キミの世界で一番嫌いな人。





「今度は2人きりで会おうね、妹ちゃん」


「…はい」


「おい、お前も普通に答えてんじゃねぇよ」



なんか今日、先輩がたくさん絡んでくる。

……あんなことがあったからかな。


文化祭のとき、なぜかこの人に抱き締められた。

2人だけにしか通じない会話もして。

まさかあんなことを言ってくれるなんて思ってなかった。



「…悪かったな、こんな人数で押し掛けて」


「…いえ、楽しかったです。…すごく」



ありがとうございましたと、先輩に小さくお辞儀。


本当に楽しかった。

先輩も美味いと言ってパスタを食べてくれたし、ゲームのときは普段見れない一面がまた見れたりして。

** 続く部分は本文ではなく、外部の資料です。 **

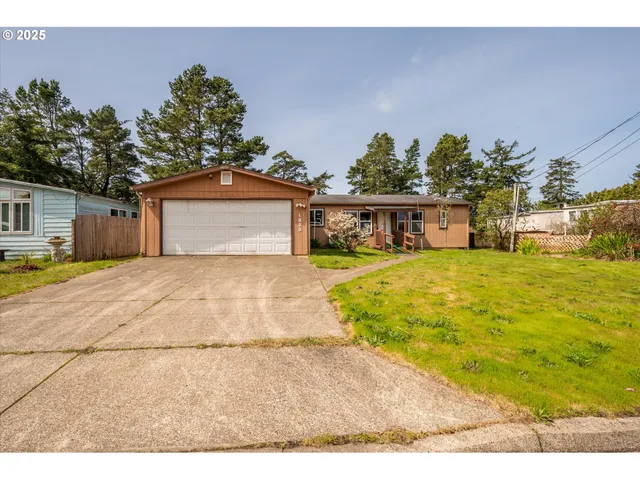 $299,000 | 1633 Maple Street, Florence, OR 97439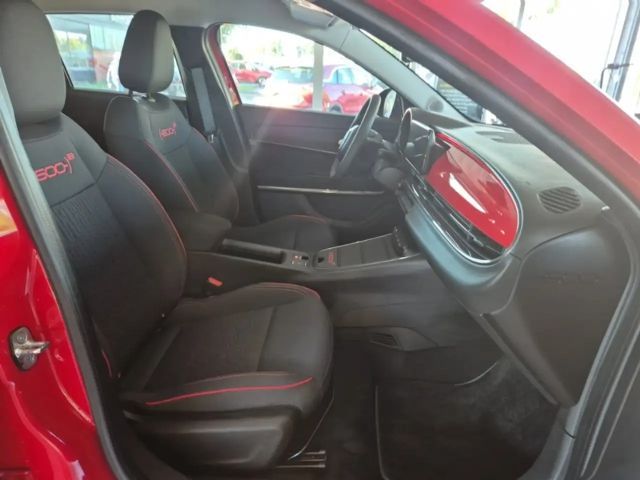 Fiat 600e e 115 kW Red  11 kW Charger Apple CarPlay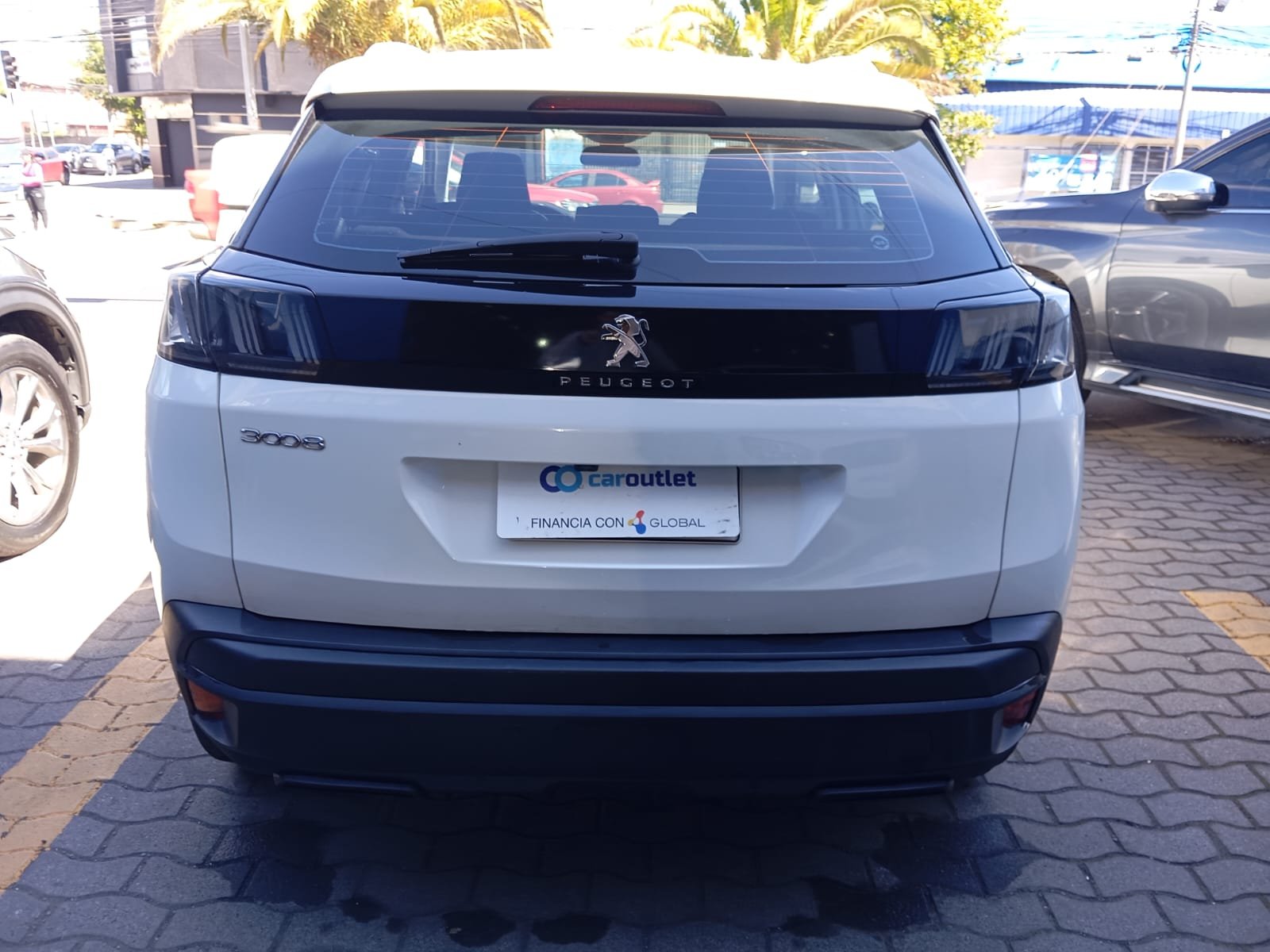 Peugeot 3008 BLUEHDI 1.5 ACTIVE 2022 - Foto 3 de 13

「兄も本当は参加したがってたので。…ぜひまた来てください、」


「…あぁ」



それは本当だ。
男の姿でも遊びたかった。

だから今度は男として、また家に呼ぼう。



「またメールするね、お邪魔しました」



そんな白々しい挨拶を交えて、アッキーは舌をベッと出してくるから。



「お邪魔されました」



生意気に言い返してやった。



「はははっ、そーいうとこだよ妹ちゃん」



マンションを出て行く3人を見送って、寂しさと一安心で一息ついた。